## WORK TASK
Below are records to retype exactly, except for the pictures.

Scraped caption text data
--- START ---

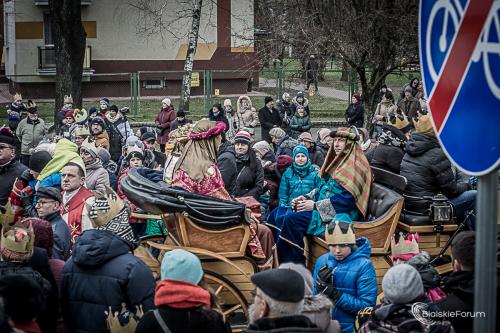 Orszak Trzech Króli w Białej Podlaskiej 2020 1015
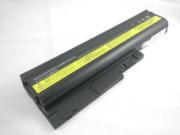 5200mAh ThinkPad T60p Series Batteries For IBM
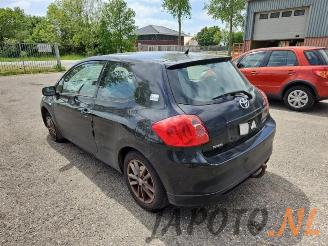 Toyota Auris Auris (E15), Hatchback, 2006 / 2012 1.6 Dual VVT-i 16V picture 3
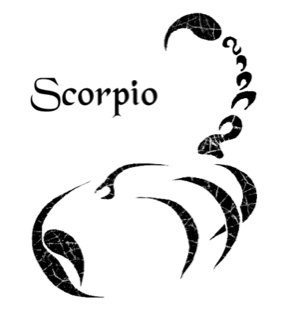November and Scorpio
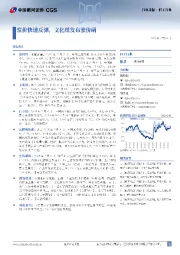 轻工行业行业月报:浆价快速反弹,文化纸发布涨价函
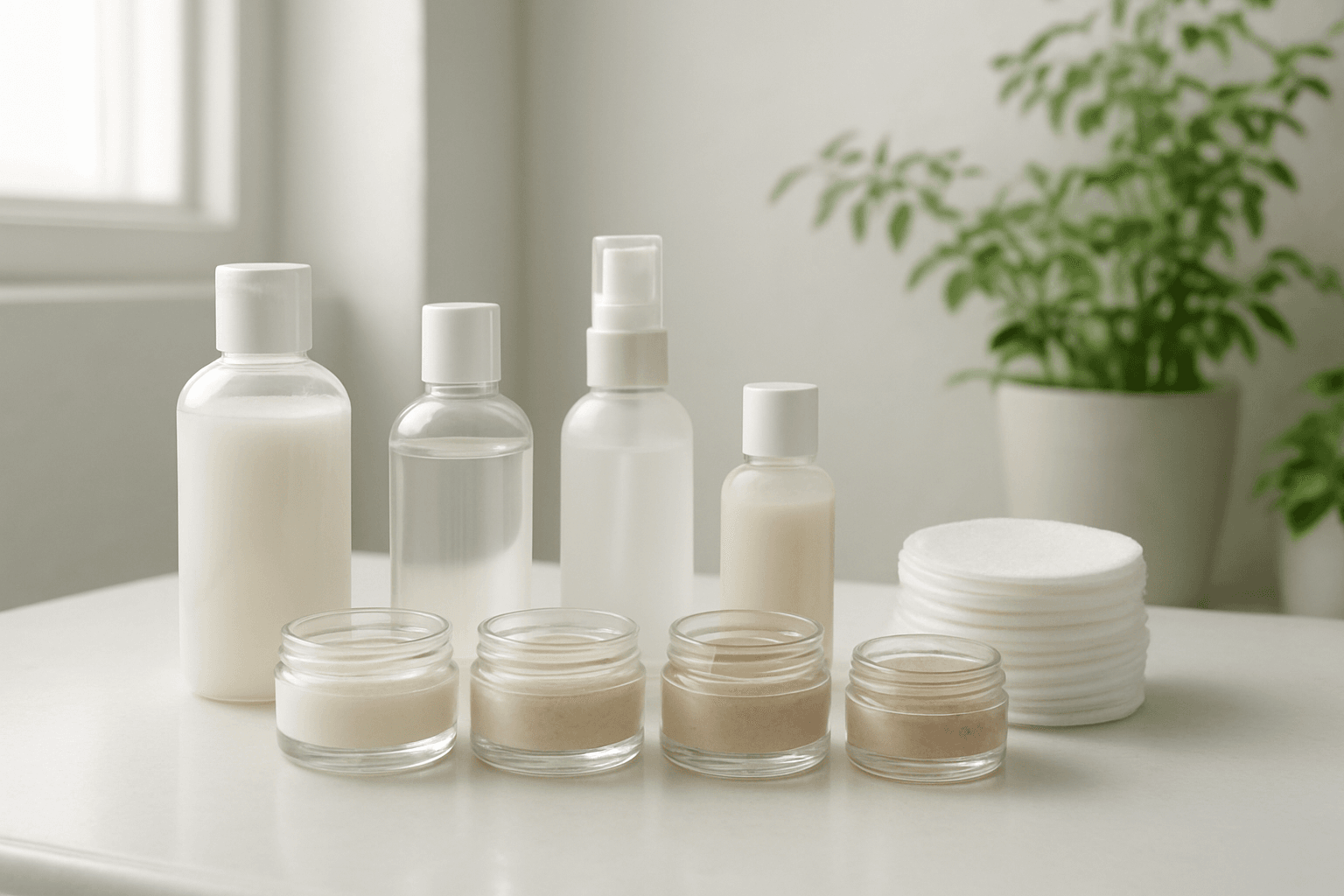 Weekly Treatment Schedule for Sensitive Skin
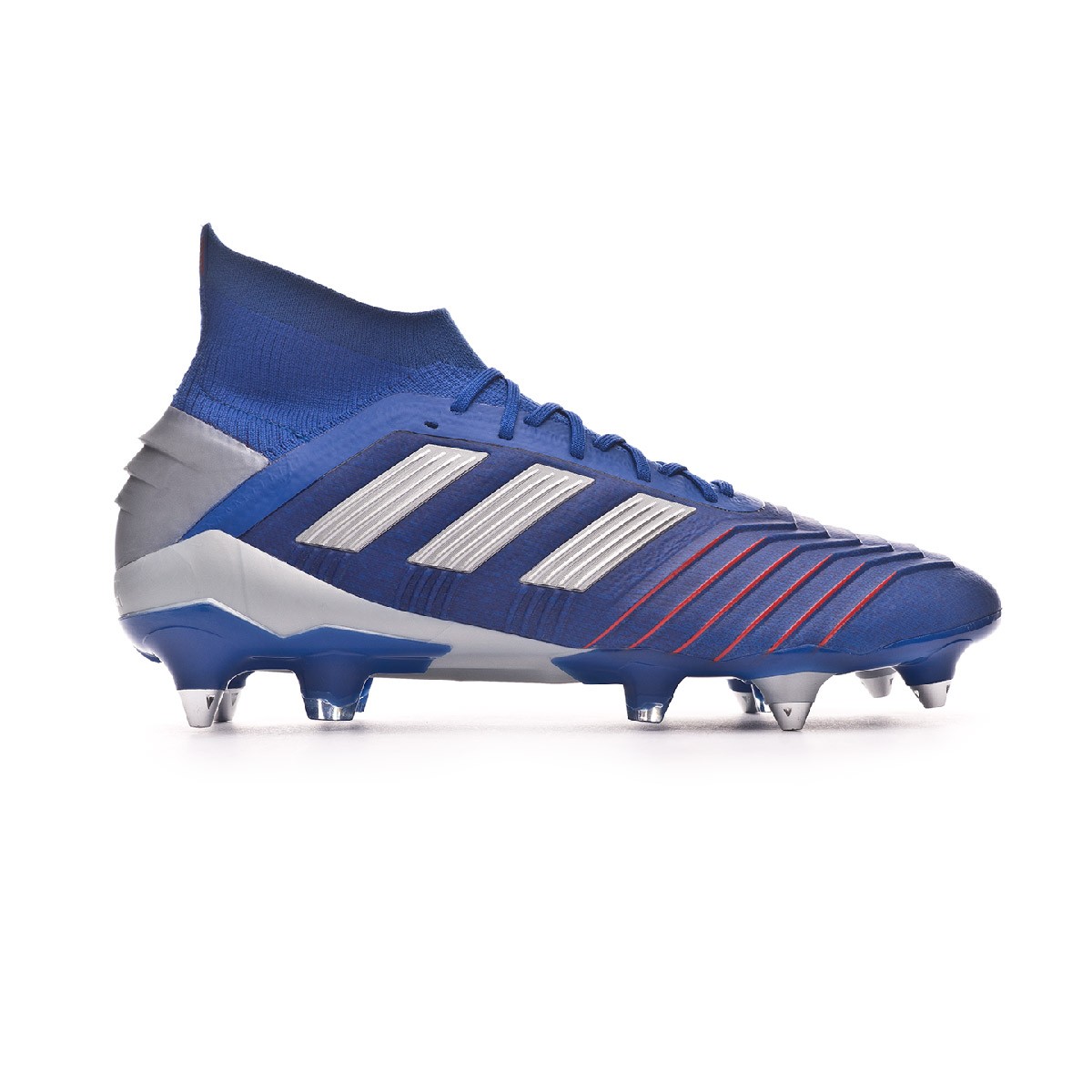 adidas predator 19.1 sg silver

--- END ---

## EXERCISE OUTPUT
 Orszak Trzech Króli w Białej Podlaskiej 2020 1015
 5200mAh ThinkPad T60p Series Batteries For IBM
 Toyota Auris Auris (E15), Hatchback, 2006 / 2012 1.6 Dual VVT-i 16V picture 3
November and Scorpio
 轻工行业行业月报:浆价快速反弹,文化纸发布涨价函
 Weekly Treatment Schedule for Sensitive Skin
 adidas predator 19.1 sg silver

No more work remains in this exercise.